> **Your task**
Give back exactly the lines from the start of the entries below to the line holding "A participant notes", that line included, and leave every picture out.

> **Data listing**
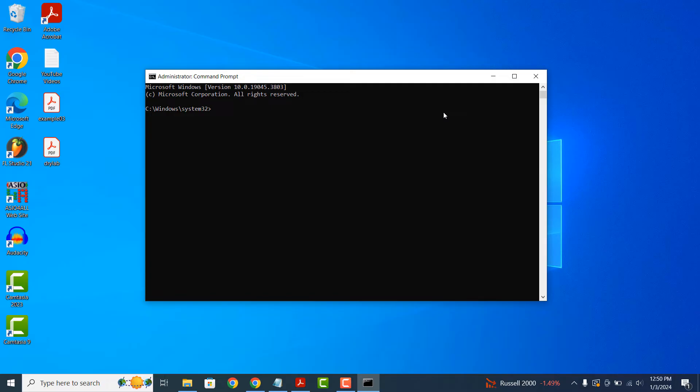Within Command Prompt, you'll want to type in the following command: WMIC baseboard get product, manufacturer.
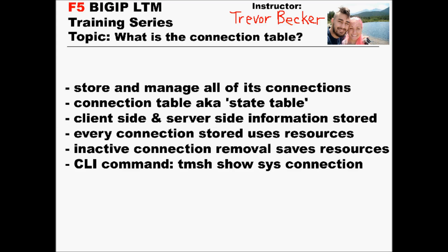Welcome to my Big IP LTM training series, my name is Trevor. Today's concept is the connection table. The Big IP LTM uses its connection table to store and manage all of the load balanced connections. This is also referred to as a state table.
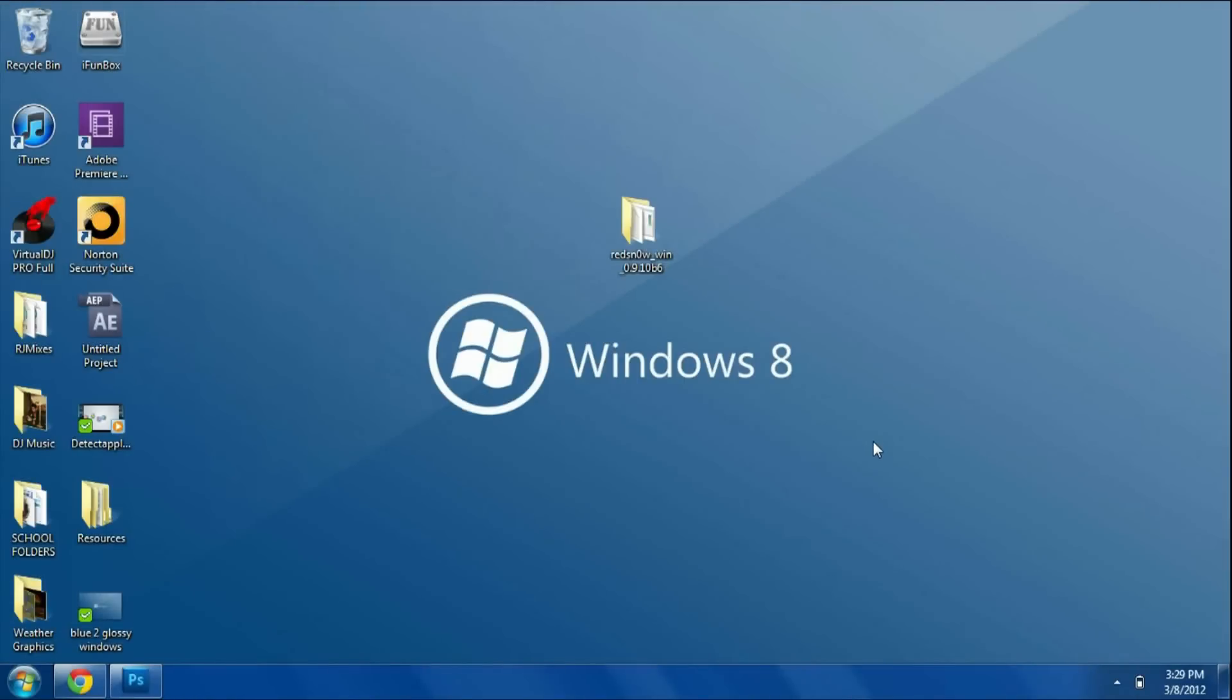Hey guys, what's up? This is Ryan from DetectApple.com and today I'm going to be showing you how to jailbreak your iOS 5.1 device using RedSn0w.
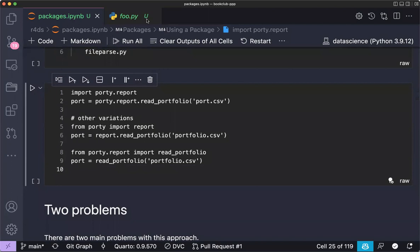A participant notes this all feels familiar. They mention that in R, the package `available` checks whether a package name is already taken on CRAN, and ask if there's an equivalent for PyPI. The answer is unclear — it's likely there is something, but the presenter isn't certain.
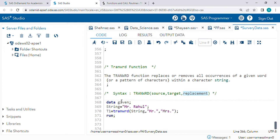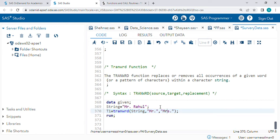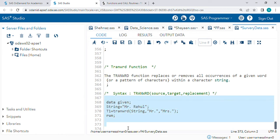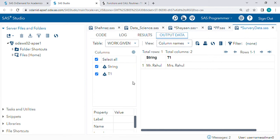For example, one string is 'Mr. Rahul'. In this string we want to replace 'Mr.' with 'Mrs.'. So I have written this syntax: TRANSLATE of string, what we want to replace — 'Mr.' — with 'Mrs.'. Just check the output. So this is the output — it is replaced with 'Mrs. Rahul'.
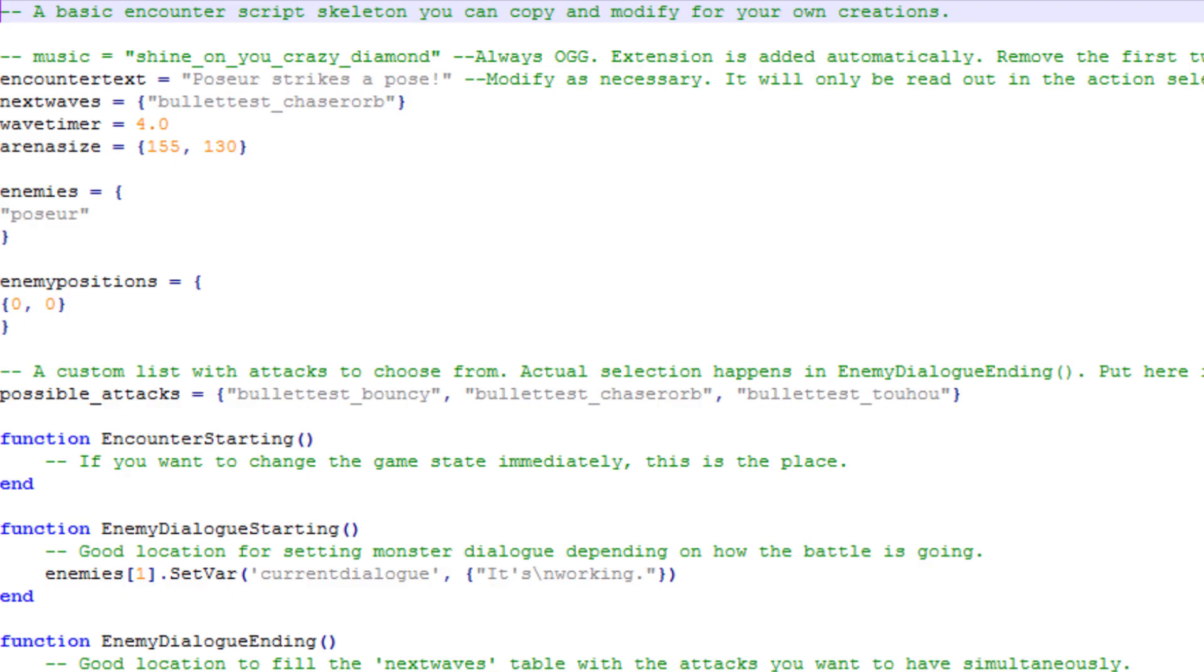Let's change something in the Encounter script. The variable named EncounterText is the text that will be displayed when the encounter starts. Let's change this to something better.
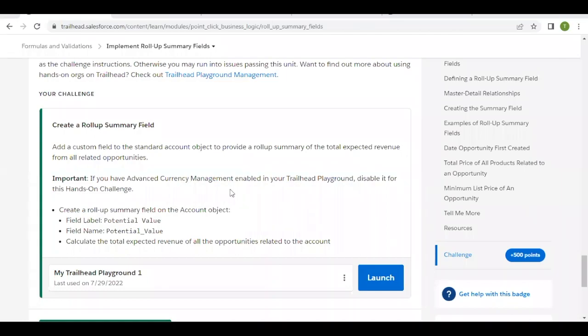Hello everyone, welcome back to another video of Trailhead Explanations. In this video we are going to cover implementing roll-up summary fields from the module Formulas and Validation. We're going to create a roll-up summary field on the Account object called Potential Value, and this field will calculate the total expected revenue of all the opportunities related to each account.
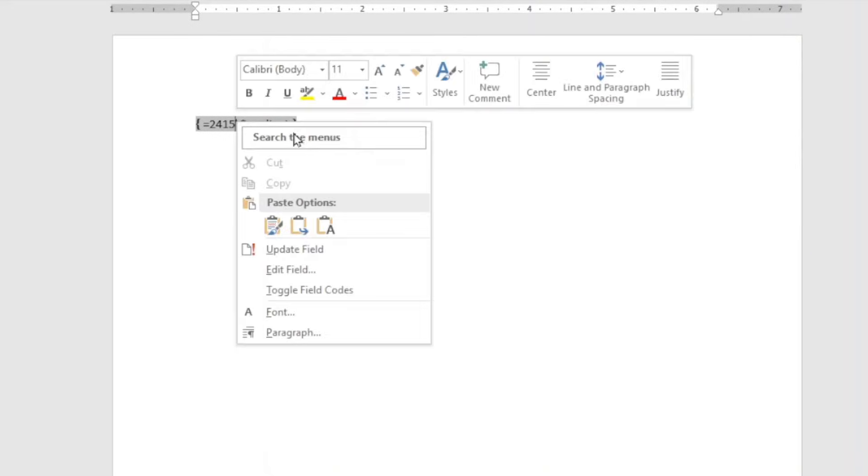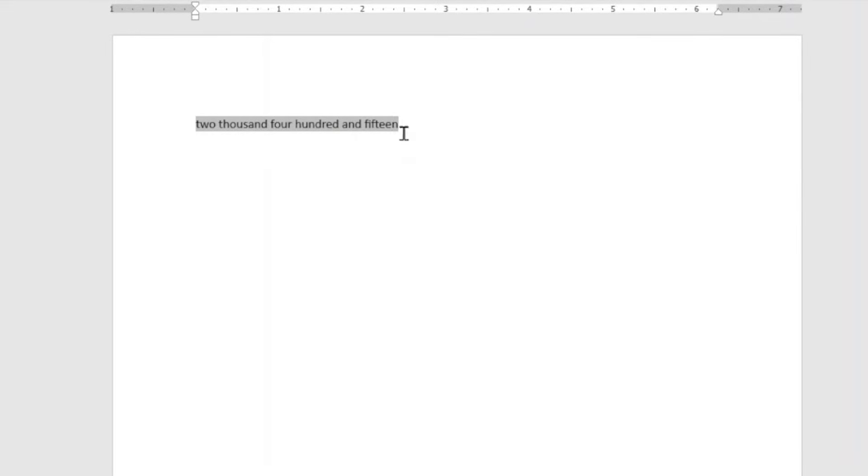Next, I right click on everything like this. From this list, I click on update field. And now I have my numbers in words. That is 2415. Awesome.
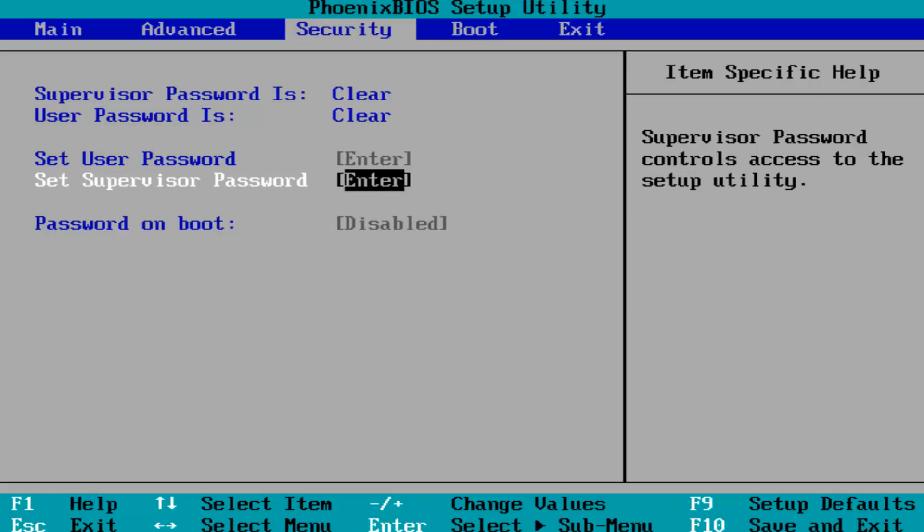You want to go underneath system configuration and then you'd want to scroll down using your up and down arrow keys, or in this case just your down arrow key, until you get to boot options.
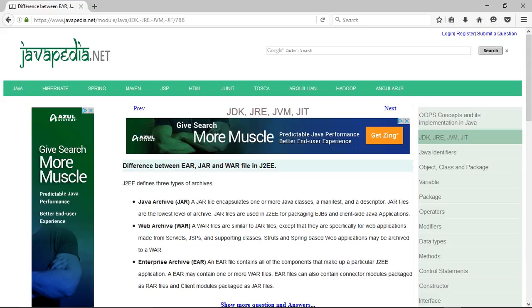Difference between EAR, JAR, and WAR file in J2EE. J2EE defines three types of archives.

> **Response area**
Within Command Prompt, you'll want to type in the following command: WMIC baseboard get product, manufacturer.
Welcome to my Big IP LTM training series, my name is Trevor. Today's concept is the connection table. The Big IP LTM uses its connection table to store and manage all of the load balanced connections. This is also referred to as a state table.
Hey guys, what's up? This is Ryan from DetectApple.com and today I'm going to be showing you how to jailbreak your iOS 5.1 device using RedSn0w.
A participant notes this all feels familiar. They mention that in R, the package `available` checks whether a package name is already taken on CRAN, and ask if there's an equivalent for PyPI. The answer is unclear — it's likely there is something, but the presenter isn't certain.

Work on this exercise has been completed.